Edit:  I forgot to say it is also the home of the Dallas Cowboys!!  :heart:


----------



## ShutteredEye (Aug 9, 2005)

JonMikal said:
			
		

> asdv



LMAO, 

where's that picture of you topless again?


----------



## Artemis (Aug 9, 2005)

Besides from the lates pic...I wanna move to texas now....super friendly yah say? fall for me yah say? Im sold...specially if they dress that way!


----------



## LittleMan (Aug 9, 2005)

Artemis said:
			
		

> Besides from the lates pic...I wanna move to texas now....super friendly yah say? fall for me yah say? Im sold...specially if they dress that way!


haha, they are wearing a lot if that's what you mean... just walk around Downtown San Antonio in the heat of the summer.... 
Calliope reminded me... The BBQ is the greatest!!! 
You, having a cute accent... that will definately get the girls. :thumbup:  I'll hang out w/ you. :mrgreen:


----------



## LittleMan (Aug 9, 2005)

JonMikal... stop criticising _everyone's_ photos... 

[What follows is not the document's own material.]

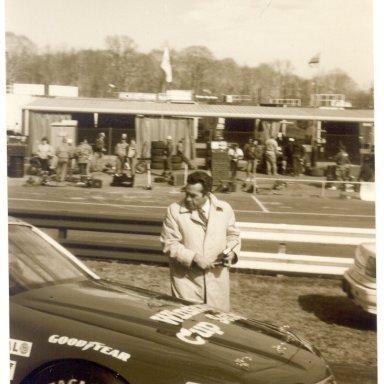 Sammy at Parade Laps at RIR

  That was a good catch though!
I didn't even notice it until I looked at the picture again... :blushing: even w/ the words... :blushing:


j/k :lmao:


----------



## Xmetal (Aug 9, 2005)

For some reason this thread is making me want to move to the US and live in Texas...
I think Littleman has won me over, plus i've heard that Americans love a good Aussie accent. 

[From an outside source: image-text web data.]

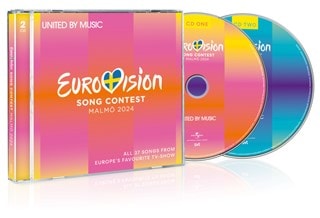 Eurovision Song Contest Malmo 2024 - 2CD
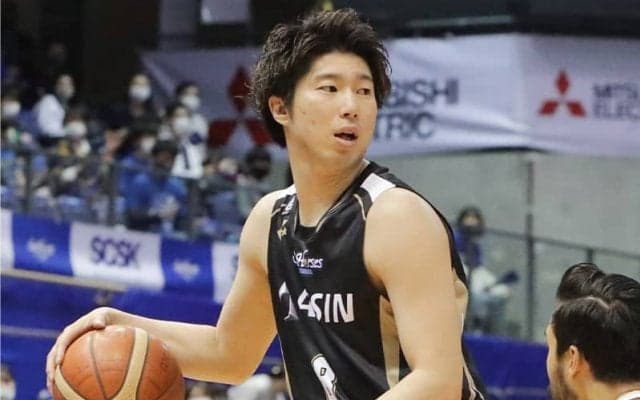 高橋耕陽が三河からSR渋谷に移籍「ドライブやディフェンスで貢献できるよう…」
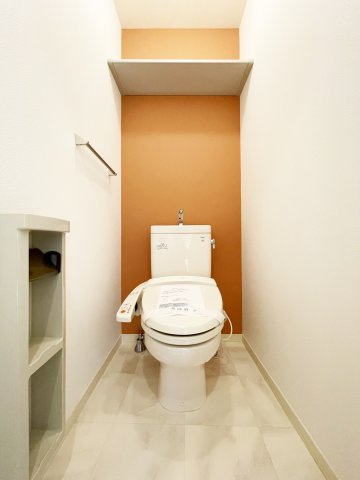 ガーデニアマミのトイレ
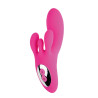 TriVibe G-Spot Vibrator with Clitoral & Labia Stimulation Pink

Edit: I reckon i'd have a hard time choosing between San Antonio and Dallas though.


----------



## Artemis (Aug 9, 2005)

Xmetal said:
			
		

> For some reason this thread is making me want to move to the US and live in Texas...
> I think Littleman has won me over, plus i've heard that Americans love a good Aussie accent.
> 
> Edit: I reckon i'd have a hard time choosing between San Antonio and Dallas though.



TAKE ME!

TAKE ME!

TAKE ME!

TAKE ME!

TAKE ME!

TAKE ME!

TAKE ME!

TAKE ME!

TAKE ME!

TAKE ME!

TAKE ME!

TAKE ME!

TAKE ME!

TAKE ME!


----------



## LittleMan (Aug 9, 2005)

Dude, Americans go crazy over a good Aussie Accent. 
We all fantasize about moving to NewZealand though... hahaha :greenpbl:

Dallas is really nice... but I prefer a smaller city like Bulverde(where I live now)


----------



## ShutteredEye (Aug 9, 2005)

LittleMan said:
			
		

> Dude, Americans go crazy over a good Aussie Accent.
> We all fantasize about moving to NewZealand though... hahaha :greenpbl:
> 
> Dallas is really nice... but I prefer a smaller city like Bulverde(where I live now)



That's why I like Mansfield.  50K people, farms on the south end of town, and 20mins from dt Ft Worth, and 30 mins from dt Dallas.  Kind of the best of both worlds.


----------



## LittleMan (Aug 9, 2005)

mountainlander said:
			
		

> That's why I like Mansfield. 50K people, farms on the south end of town, and 20mins from dt Ft Worth, and 30 mins from dt Dallas. Kind of the best of both worlds.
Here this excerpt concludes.